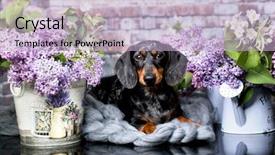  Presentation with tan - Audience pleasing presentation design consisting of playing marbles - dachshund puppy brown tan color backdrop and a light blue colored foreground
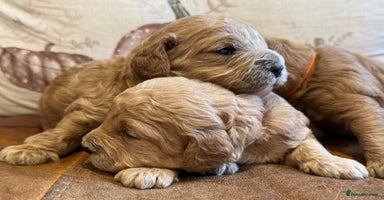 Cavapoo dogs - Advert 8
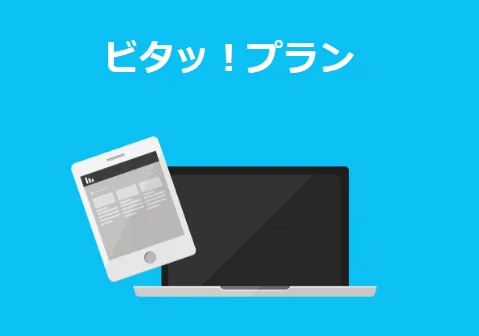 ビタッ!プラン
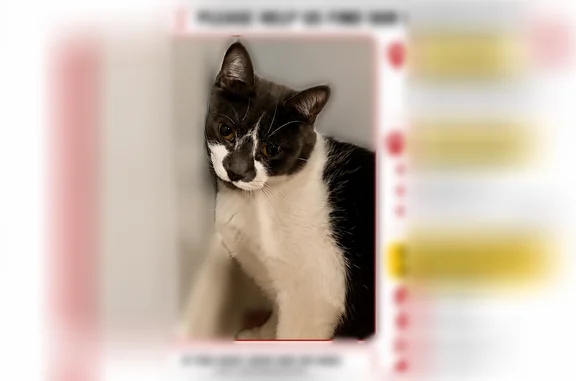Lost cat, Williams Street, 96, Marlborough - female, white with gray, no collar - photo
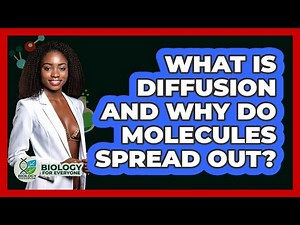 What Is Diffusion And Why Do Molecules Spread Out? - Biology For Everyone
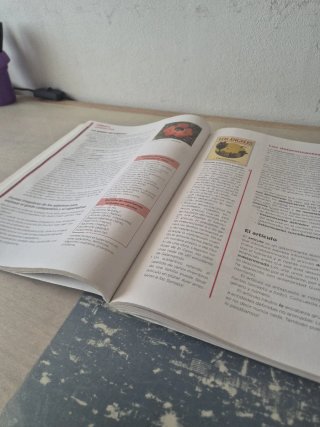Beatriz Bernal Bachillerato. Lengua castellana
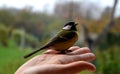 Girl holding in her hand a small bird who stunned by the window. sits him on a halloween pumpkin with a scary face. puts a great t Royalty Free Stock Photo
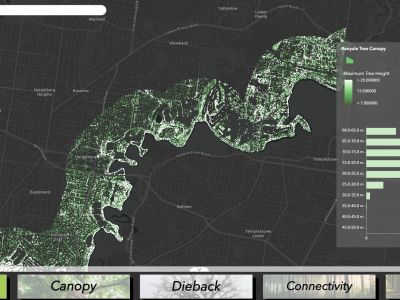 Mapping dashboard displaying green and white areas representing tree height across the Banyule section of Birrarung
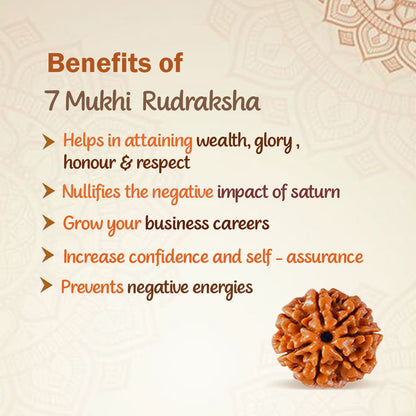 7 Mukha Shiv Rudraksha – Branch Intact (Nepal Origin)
◇ ◇ ◇ ◇ ◇
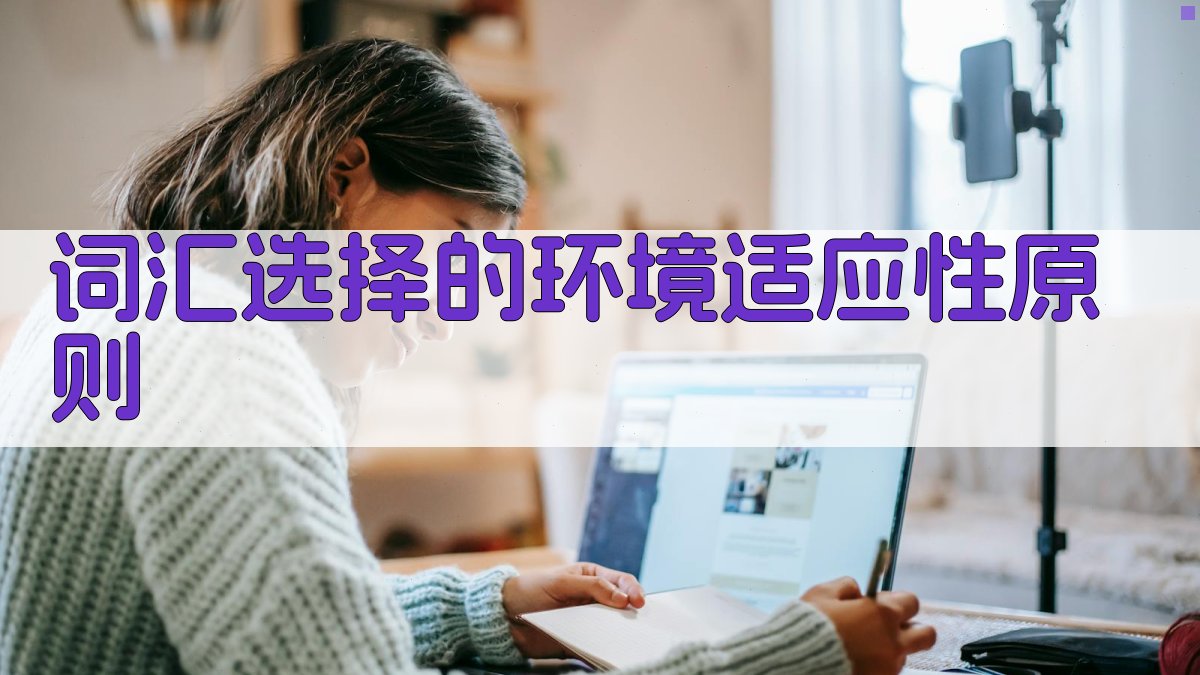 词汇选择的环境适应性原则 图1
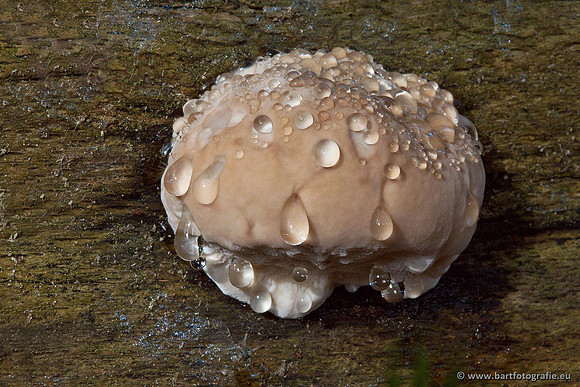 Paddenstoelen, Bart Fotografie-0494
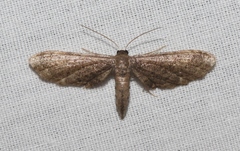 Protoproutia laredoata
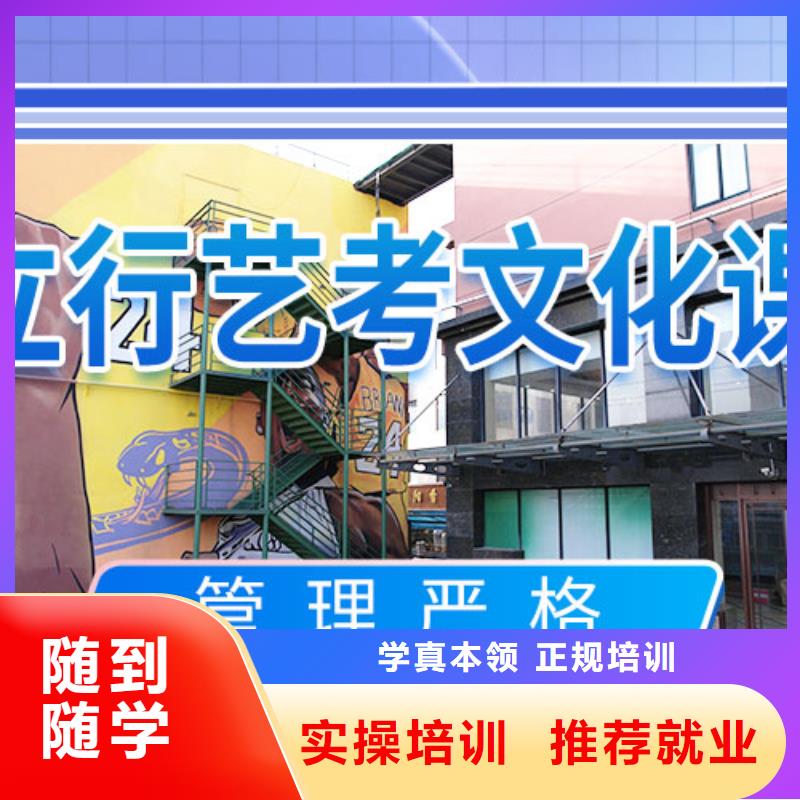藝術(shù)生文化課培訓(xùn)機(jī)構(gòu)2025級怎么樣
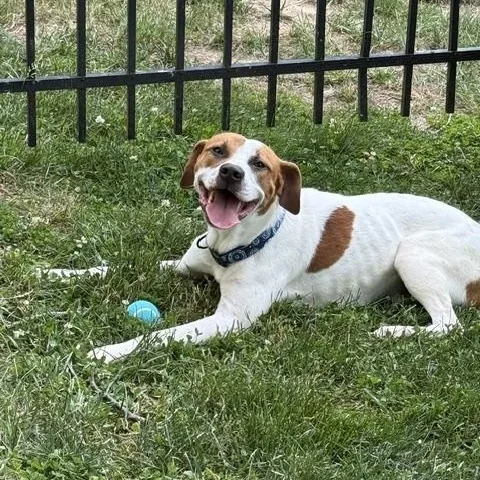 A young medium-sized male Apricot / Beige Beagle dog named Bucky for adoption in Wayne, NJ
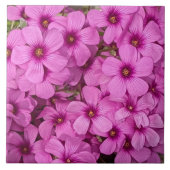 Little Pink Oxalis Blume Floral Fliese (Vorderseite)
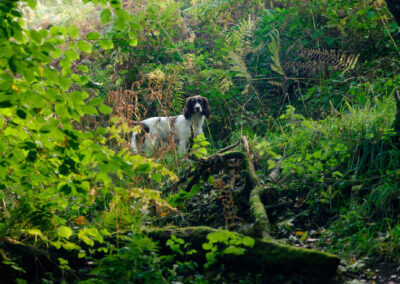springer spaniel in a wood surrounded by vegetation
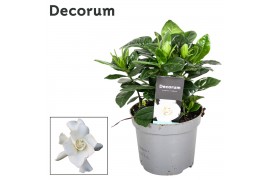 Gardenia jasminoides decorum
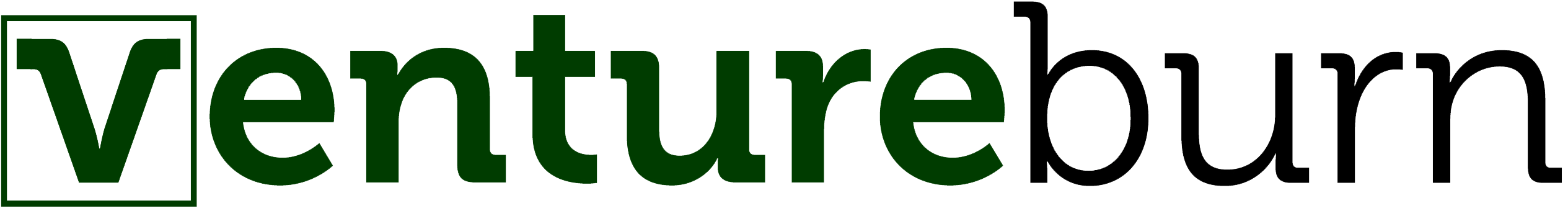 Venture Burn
◇ ◇ ◇ ◇ ◇
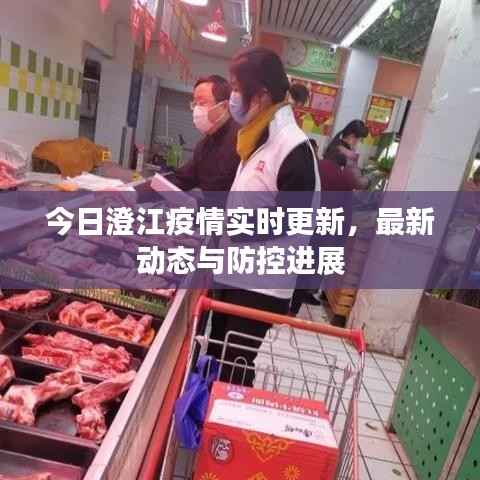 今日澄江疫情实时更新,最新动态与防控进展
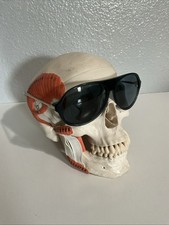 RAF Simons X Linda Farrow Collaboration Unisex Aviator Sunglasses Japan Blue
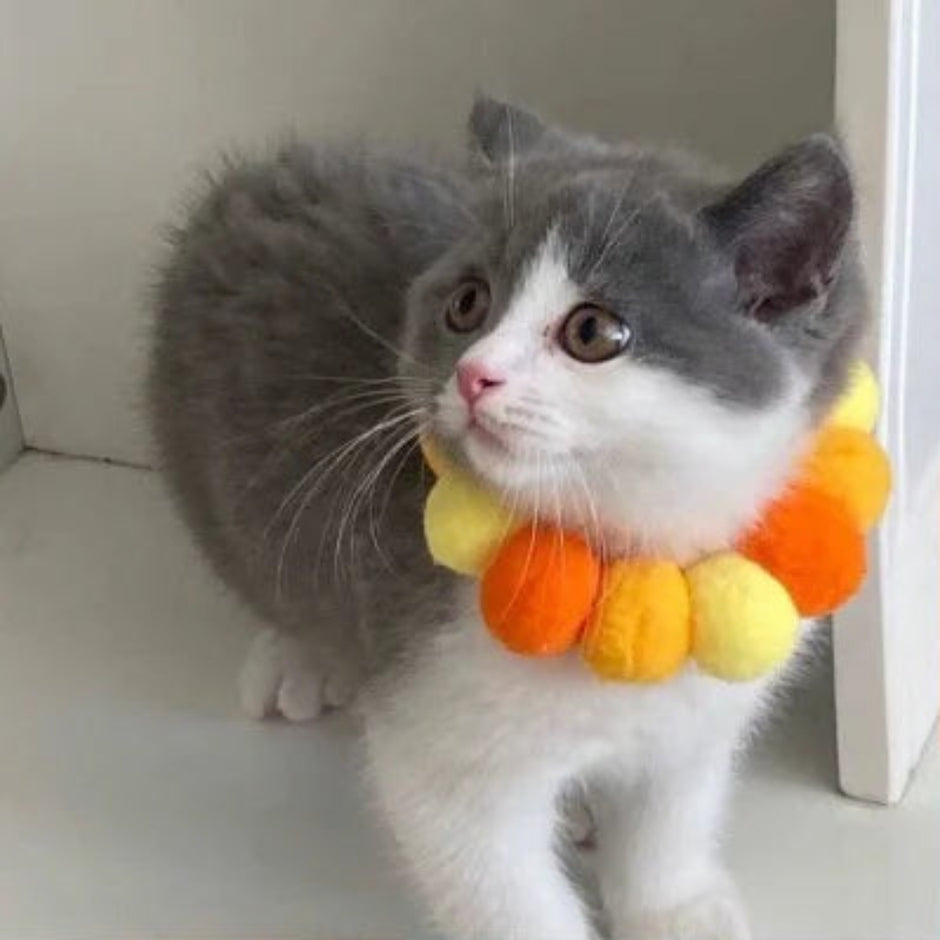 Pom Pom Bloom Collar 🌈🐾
◇ ◇ ◇ ◇ ◇
Your task:
Only one stretch of the listing above is to be duplicated: the lines from the one containing "Presentation with tan" through the one containing "Lost cat, Williams", both included. Copy them exactly, minus the pictures.

Solution:
  Presentation with tan - Audience pleasing presentation design consisting of playing marbles - dachshund puppy brown tan color backdrop and a light blue colored foreground
 Cavapoo dogs - Advert 8
 ビタッ!プラン
Lost cat, Williams Street, 96, Marlborough - female, white with gray, no collar - photo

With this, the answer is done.